**Aim of the task**
The pictures in the listing below are to be skipped, while the lines between the line holding "shpërndahen dronë kontrolli" and the line holding "Enjoy the petting", inclusive, are to be output exactly.

**Material for this exercise**
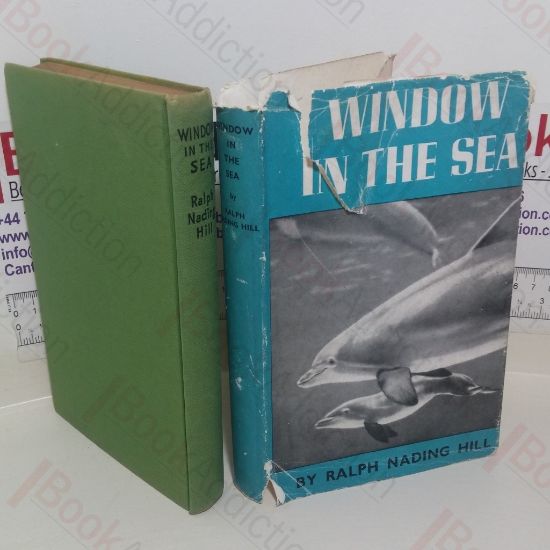 Picture of Window in the Sea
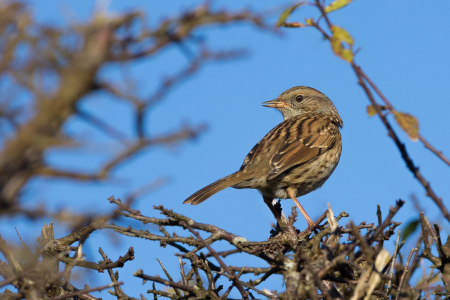 Dunnock in the hedgerow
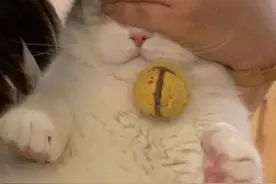 表情包：奥特曼跳舞表情包来咯图片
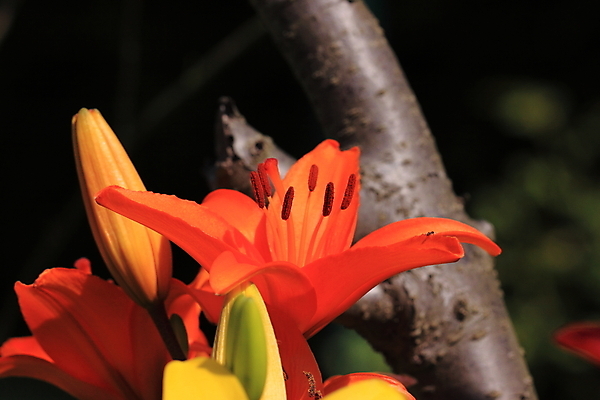 포토 JPG 해외이미지 식물 디자인 꽃잎 꽃 줄기 분홍색 꽃다발 백그라운드 잎 꽃무늬 자연 선물 사람없음 장식 빨간색 초록색 노란색 정원 봄 성장 벚꽃 흰색 축하 신선 개화 우아함 꽃집 순수 묘사 싱글 향기 냄새 꽃가루 고립 해외202004 해외포토 계절 컬러 컨셉 무늬 상점 가루 생태계 파일형식 이미지허브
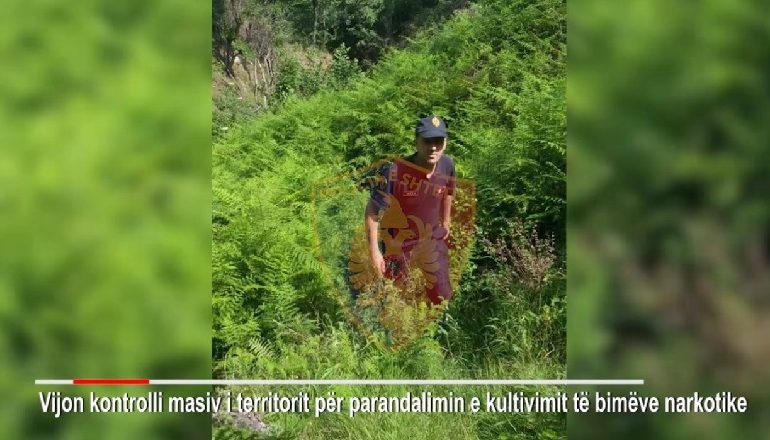1600 POLICË “KREHIN” VENDIN PËR DROGË/ Kapen 133 rrënjë kanabis në Krujë e Vlorë, shpërndahen dronë kontrolli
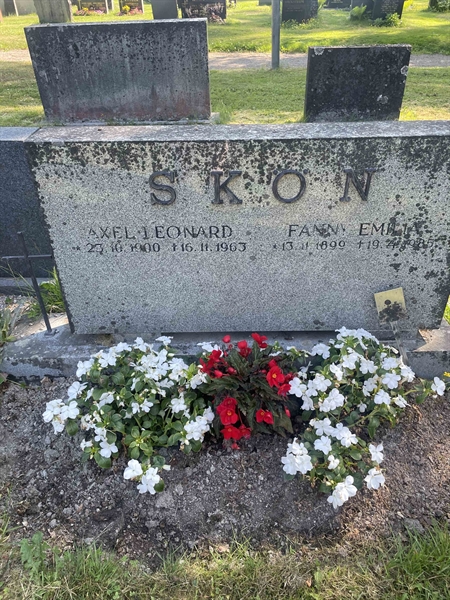 Grave number: N 5 3   383b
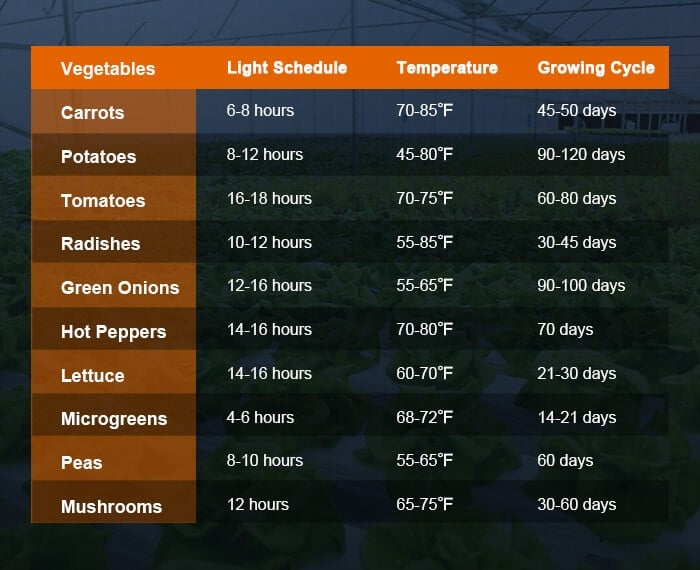 How Long Should Grow Lights Be On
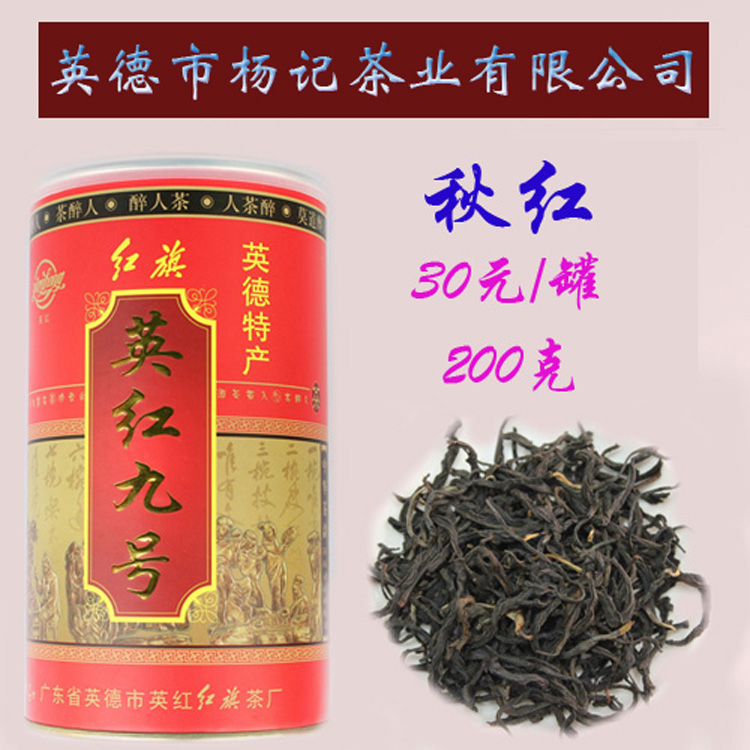 特产正宗英德红茶英红九号春秋茶新茶鸿雁日月英9清浓香包邮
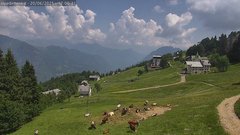 view from Alpe di Mera - Mera bassa on 2025-06-20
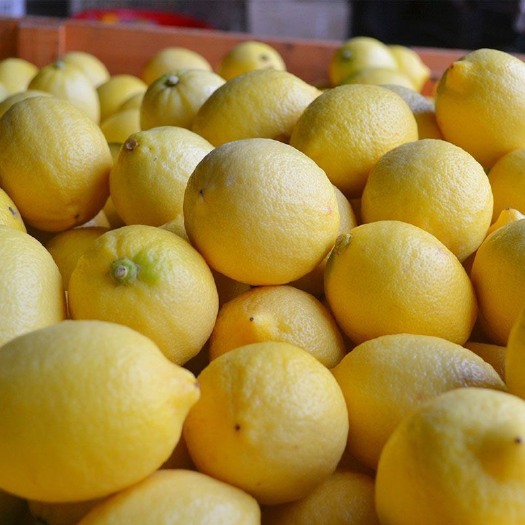 安岳县安岳柠檬尤力克小果（40-70g）源产地直发产地厂家一手价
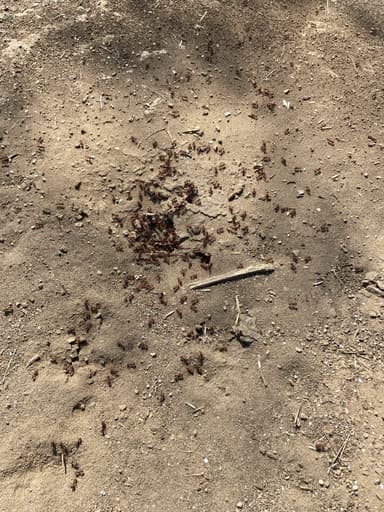 Pogonomyrmex barbatus photo 88
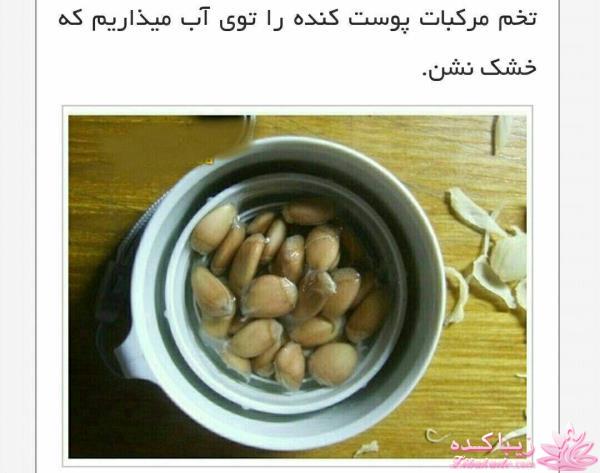 ایده ای زیبا برای سبزه ی سفره هفت سین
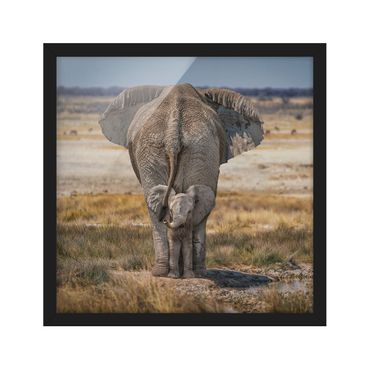 Plakat w ramie - Bezczelny słoń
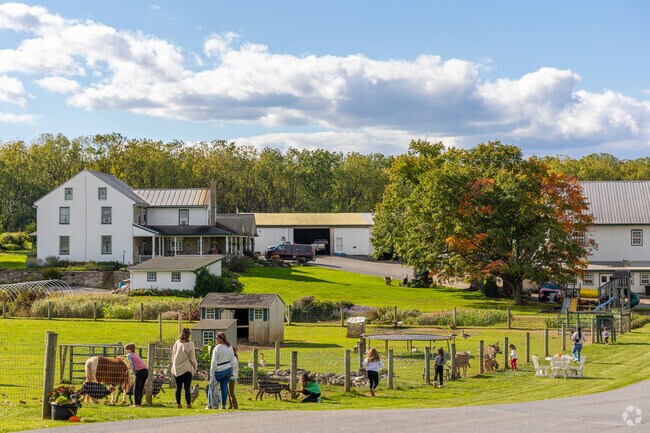 Enjoy the petting zoo with kids at Patches Family Creamery near Schaefferstown.
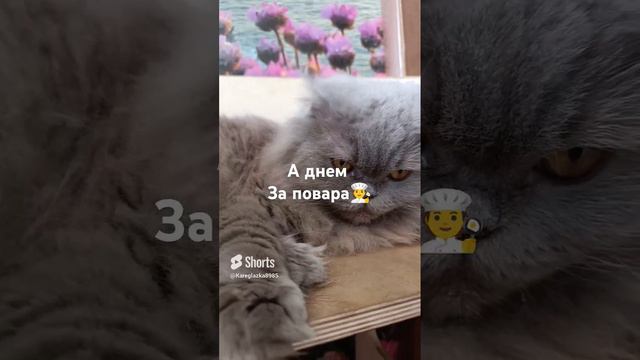 ася#домашниеживотные#мойпитомец#британка#пушистики#котики#юмор#приколы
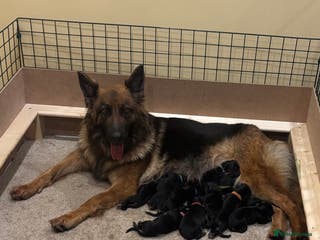 German Shepherd dogs Be my Valentine - Advert 7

**Answer to this task**
1600 POLICË “KREHIN” VENDIN PËR DROGË/ Kapen 133 rrënjë kanabis në Krujë e Vlorë, shpërndahen dronë kontrolli
 Grave number: N 5 3   383b
 How Long Should Grow Lights Be On
 特产正宗英德红茶英红九号春秋茶新茶鸿雁日月英9清浓香包邮
 view from Alpe di Mera - Mera bassa on 2025-06-20
 安岳县安岳柠檬尤力克小果（40-70g）源产地直发产地厂家一手价
 Pogonomyrmex barbatus photo 88
 ایده ای زیبا برای سبزه ی سفره هفت سین
 Plakat w ramie - Bezczelny słoń
 Enjoy the petting zoo with kids at Patches Family Creamery near Schaefferstown.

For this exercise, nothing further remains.